The CEI was involved in the development of an imaging payload for the UK Space Agency's first Cubesat mission, UKube-1. The mission was a pilot study for the viability of the quick-turnaround space missions that cubesats can provide. UKube-1 had three scientific payloads slots onboard, one of which the CEI successfully bid for with a design, the Compact CMOS Camera Demonstrator, or C3D. C3D hosts three seperate cameras; a wide-field imager, a narrow field imager and an imager to study radiation damage effects in the device.
UKube-1 launched in July 2014 and although the mission is over (https://www.gov.uk/government/news/ukube-1-completes-mission) can still be tracked here: http://www.n2yo.com/satellite/?s=40074
Besides taking high quality images and measuring degradation due to radiation damage, the payload satisfied several other important milestones. The imager was the first demonstration of a European 0.18 µm-technology imager in space, and showed that the technology is ready for use in more exotic missions such as lunar and martian rovers, the EJSM HRC or Solar-C.

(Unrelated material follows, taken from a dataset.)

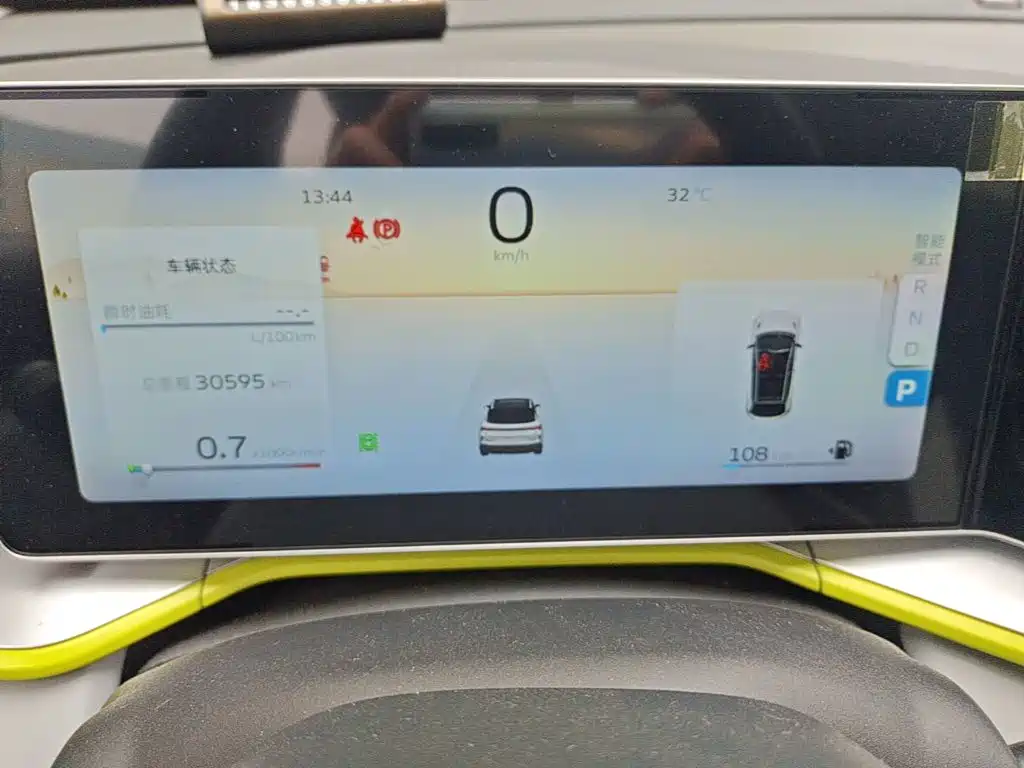 Geely Binyue — миниатюра 12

The CEI and e2v have been working for over 5 years in the development of new CMOS Imager technology, and during the last 2 years have been characterising an e2v 0.5 Mpix 5.8 µm pixel integrated CMOS sensor. This sensor has been characterized for proton damage effects up to 1x1010 cm-2 and using gammas to evaluate total ionizing dose effects with operational doses beyond 100 krads, and very recently has been evaluated for SEU and SEL effects using a heavy ion beam. The conclusions from this work state that the radiation effects induced in the imager are broadly similar to that measured on existing CCDs (flatband voltage changes, dark current increase, the creation of bright and flickering pixels), which imply that for scientific use such imagers will still require cooling. The CMOS sensors clearly do not suffer the charge transfer losses experienced by CCDs, however they are susceptible to SEU and latchup effects which are not a concern for CCDs. The instrument therefore offers a good opportunity to study these effects in the real space environment, particularly when passing through the SAA.